When AI tracks its own tools through multi-turn talks.

AI assistants have become the Swiss Army knives of the digital age, peeling weather from the web, booking flights, summarizing emails. But real life doesn’t happen in a single, tidy sentence. In a lively group chat, ideas and cues fracture across voices, and a tool-using AI must stitch those pieces into a single action. That challenge is at the heart of DICE-BENCH, a new benchmark for evaluating how well large language models can perform function calling in multi-round, multi-party dialogues.

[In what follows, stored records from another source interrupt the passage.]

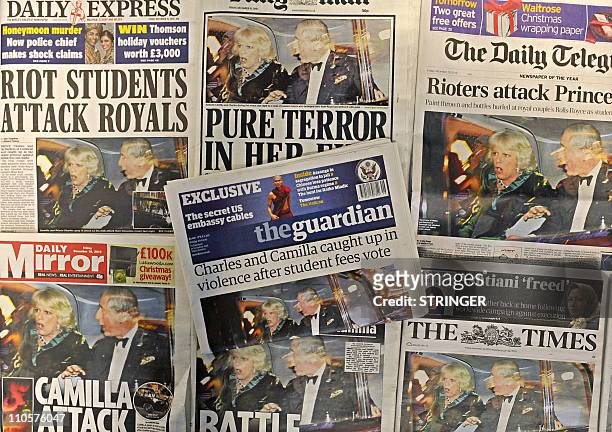 Selection of British daily national newspapers shows December 10 headlines about the attack by protestors on a vehicle containing Prince Charles and...
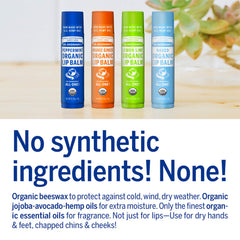 Dr. Bronner's Organic Lip Balm Lemon Lime tube with bright, protective moisture.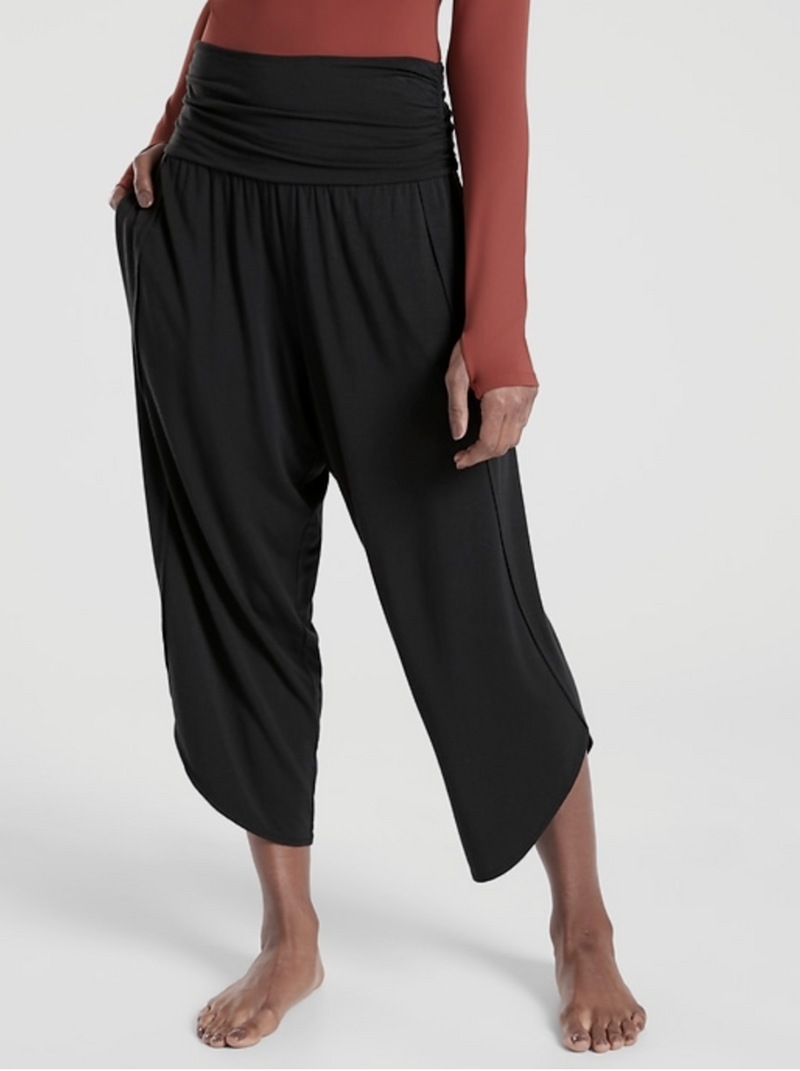 Athleta Black Soft Lounge Elastic Waist Flow With It Pant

Developed by researchers at Seoul National University’s IPAI and Department of Intelligence and Information, with collaborators from Korea University, AIGEN Sciences, and Cornell University, the project is led by Bongwon Suh with Kyochul Jang as the lead author. The team built DICE-BENCH to simulate realistic group interactions and to measure something scientists hadn’t formally quantified before: how dispersed tool-related details are across a conversation and how that dispersion affects an AI’s ability to perform the right function call.

Understanding DICE-BENCH and DICE-SCORE

Function calling, in this context, means an AI’s ability to translate natural-language intent into calls to external tools or APIs—think: fetch weather, reserve a restaurant, or schedule a flight—without requiring a single, perfectly formed instruction. Early benchmarks often treated this like a one-shot puzzle: one user utterance, all parameters present, one tool to call. Real life, of course, looks nothing like that. In a group chat, different people drop pieces of the required information over many turns, sometimes across days, and the same tool might need several parameters that arrive piecemeal.

To capture this messiness, the researchers built a framework called DICE-BENCH. A core idea is a Tool Graph, a directed network where each node represents a tool function and each edge encodes a dependency: one tool’s output or parameters feed into another. The graph here isn’t large or dense by design—124 tools and 270 edges—yet it is complex enough to model how a multi-round, multi-party dialogue might chain actions (for example, checking the weather before booking a hotel that depends on forecasted conditions).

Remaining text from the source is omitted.